- Opening Delimiter -

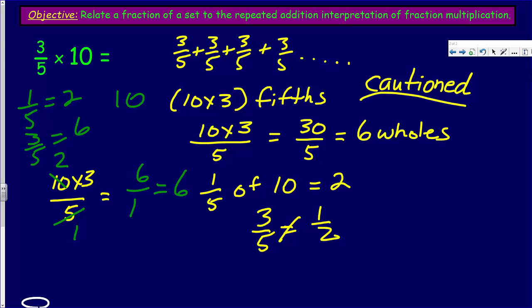My friends, I hope that helped you with relating a fraction of a set and how we use repeated addition to interpret what fraction multiplication is. That's basically what we did. Now, live long and prosper.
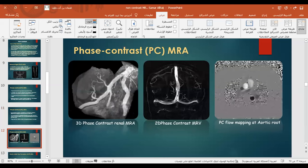Examples of phase contrast MRA are shown: the first is a 3D phase contrast renal MRA, the second is a 2D phase contrast MRV, and the third is phase contrast flow mapping at the aortic root.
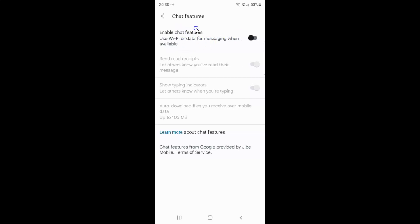Currently it's disabled — you can see the toggle button is disabled next to it. When it's disabled, the other options are grayed out and not available. To enable chat features, you have to enable this toggle button next to 'Enable chat features'.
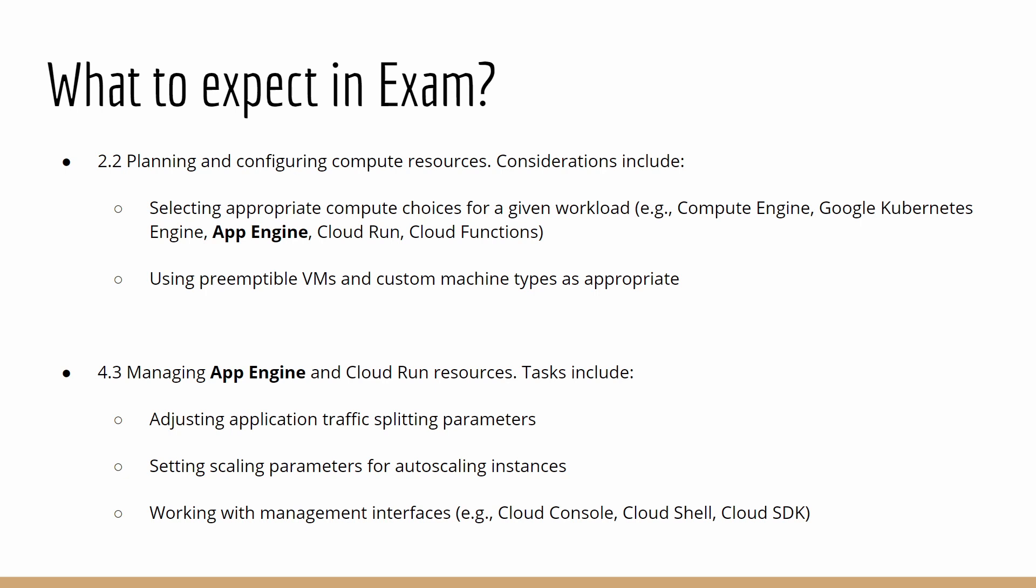If you want to control your application using containers, you could choose Google Kubernetes Engine, Cloud Run, or you can also go with App Engine Flexible. If your application is an event-driven model, that's when you would choose Cloud Functions. In Compute itself, you can go with preemptible VMs or custom machine types as appropriate.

- Closing Delimiter -

**EXERCISE DETAILS**
Only the pictures should be left out; the rest of the material above must be repeated exactly.

**EXERCISE ANSWER**
My friends, I hope that helped you with relating a fraction of a set and how we use repeated addition to interpret what fraction multiplication is. That's basically what we did. Now, live long and prosper.
Examples of phase contrast MRA are shown: the first is a 3D phase contrast renal MRA, the second is a 2D phase contrast MRV, and the third is phase contrast flow mapping at the aortic root.
Currently it's disabled — you can see the toggle button is disabled next to it. When it's disabled, the other options are grayed out and not available. To enable chat features, you have to enable this toggle button next to 'Enable chat features'.
If you want to control your application using containers, you could choose Google Kubernetes Engine, Cloud Run, or you can also go with App Engine Flexible. If your application is an event-driven model, that's when you would choose Cloud Functions. In Compute itself, you can go with preemptible VMs or custom machine types as appropriate.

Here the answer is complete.